Automatic physical database tuning middleware for web-based applications

  • Authors:
  • Jozsef Patvarczki;Neil T. Heffernan

  • Affiliations:
  • Worcester Polytechnic Institute, Computer Science Department, Worcester, Massachusetts;Worcester Polytechnic Institute, Computer Science Department, Worcester, Massachusetts

  • Venue:
  • ADBIS'11 Proceedings of the 15th international conference on Advances in databases and information systems
  • Year:
  • 2011

Quantified Score

Hi-index 0.00

Visualization

Abstract

In this paper we conceptualize the database layout problem as a state space search problem. A state is a given assignment of tables to computer servers. We begin with a database and collect, for use as a workload input, a sequence of queries that were executed during normal usage of the database. The operators in the search are to fully replicate, horizontally partition, vertically partition, and de-normalize a table. We do a time intensive search over different table layouts, and at each iteration, physically create the configurations, and evaluate the total throughput of the system. We report our empirical results of two forms. First, we empirically validate as facts the heuristics that Database Administrators (DBAs) currently use as in doing this task manually: for tables that have a high ratio of update, delete, and insert to retrieval queries one should horizontally partition, but for a small ratio one should fully replicate a table.
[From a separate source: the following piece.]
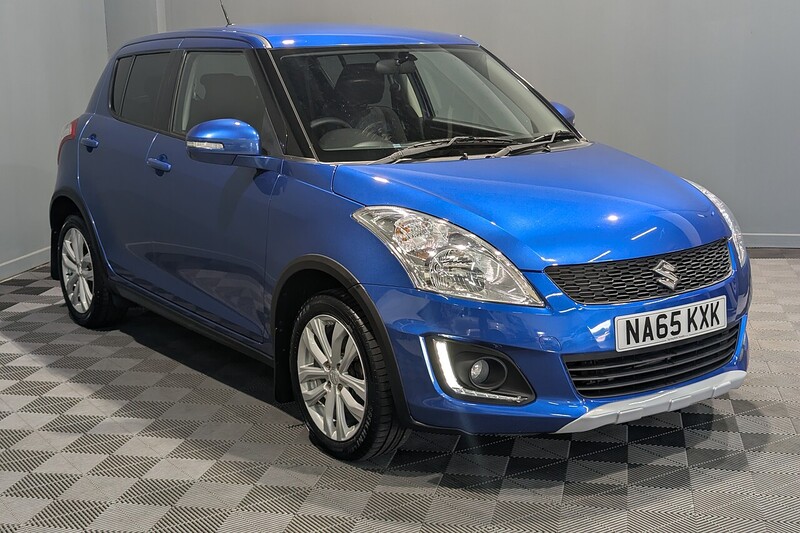 Suzuki Swift 1.2 Dualjet SZ4 Hatchback 5dr Petrol Manual ALLGRIP Euro 6 (s/s) (90 ps) - U373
Such rules of thumb are reasonable, however we want to parameterize some common guidelines that DBAs can use. Our second empirical result is that we applied this search to our existing data test case and found a reliable increase in total system throughput. The search over layouts is very expensive, but we argue that our method is practical and useful, as entities trying to scale up their Web-based applications would be perfectly happy to spend a few weeks of CPU time to increase their system throughput (and potentially reduce the investment in hardware). To make this search more practical, we want to learn reasonable rules to guide the search to eliminate many layout configurations that are not very likely to succeed. The second aspect of our project (not reported here) is to use the created configurations as input into a machine learning system, to create general rules about when to use the different layout operators.